→ **WORK INSTRUCTION**: Copy out exactly, from the entries that follow, the line holding "Aerial shot of", the line holding "Ensuite guest bathroom", and all lines between them, but no pictures.

→ **RECORD EXTRACTS**:
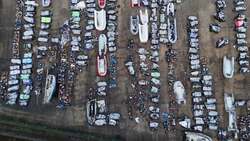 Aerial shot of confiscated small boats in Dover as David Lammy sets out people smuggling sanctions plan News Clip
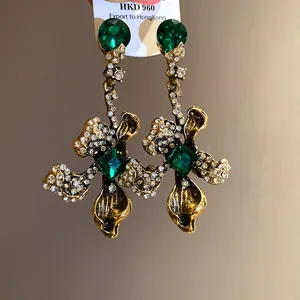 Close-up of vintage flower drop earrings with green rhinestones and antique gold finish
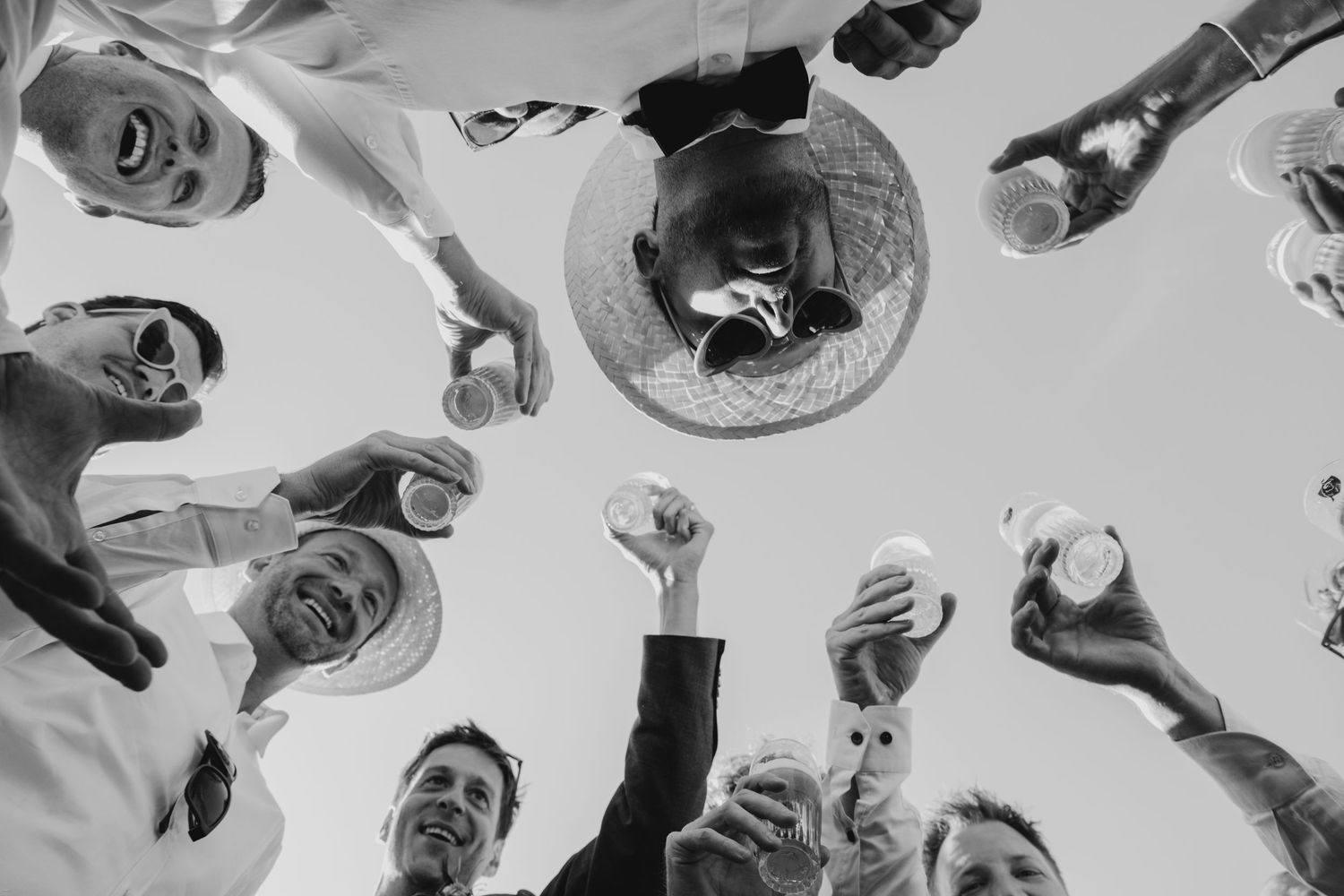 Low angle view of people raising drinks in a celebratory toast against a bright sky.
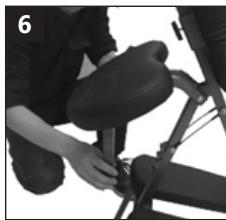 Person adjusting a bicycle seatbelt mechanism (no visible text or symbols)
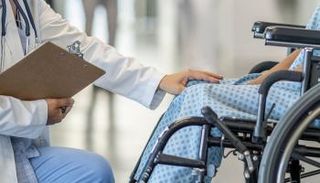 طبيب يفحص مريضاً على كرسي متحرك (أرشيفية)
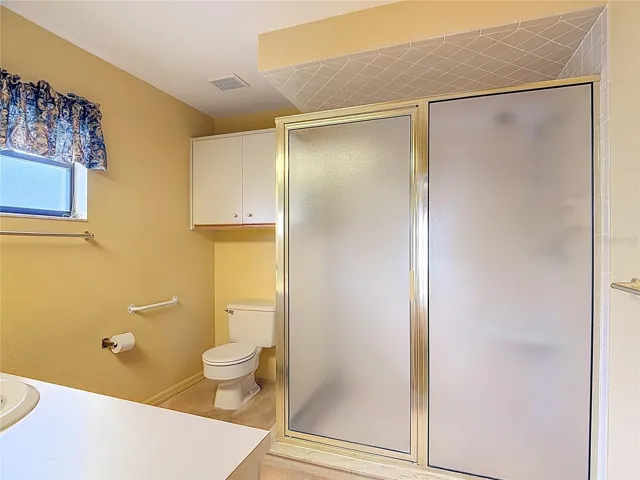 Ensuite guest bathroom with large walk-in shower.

...

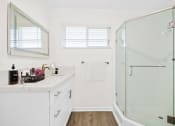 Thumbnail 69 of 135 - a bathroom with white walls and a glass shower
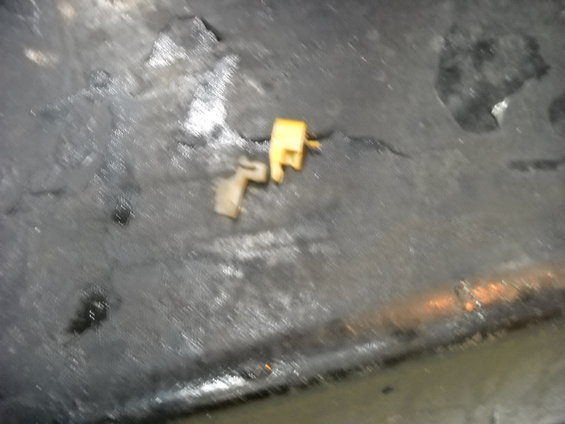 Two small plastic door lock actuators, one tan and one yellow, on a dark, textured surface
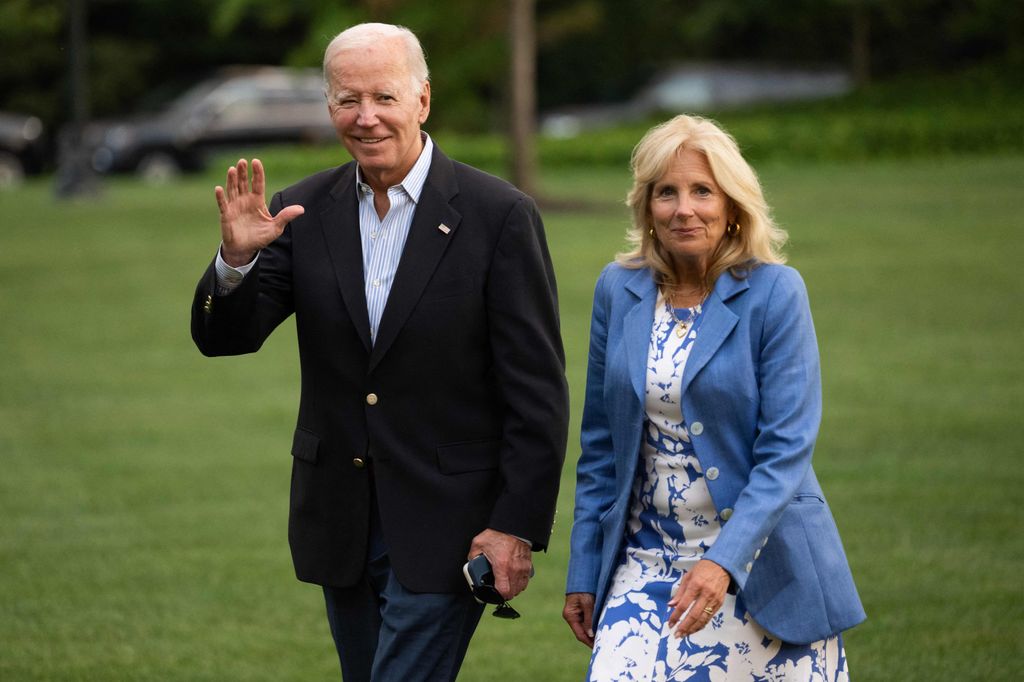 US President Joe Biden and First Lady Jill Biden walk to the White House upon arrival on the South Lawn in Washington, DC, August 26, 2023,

...

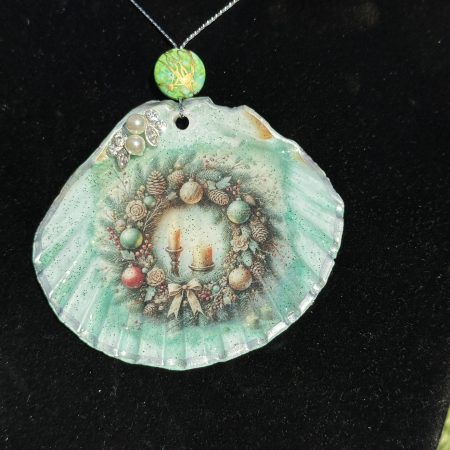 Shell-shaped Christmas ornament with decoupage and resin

→ **SOLUTION TO THE PROBLEM**:
 Aerial shot of confiscated small boats in Dover as David Lammy sets out people smuggling sanctions plan News Clip
 Close-up of vintage flower drop earrings with green rhinestones and antique gold finish
 Low angle view of people raising drinks in a celebratory toast against a bright sky.
 Person adjusting a bicycle seatbelt mechanism (no visible text or symbols)
 طبيب يفحص مريضاً على كرسي متحرك (أرشيفية)
 Ensuite guest bathroom with large walk-in shower.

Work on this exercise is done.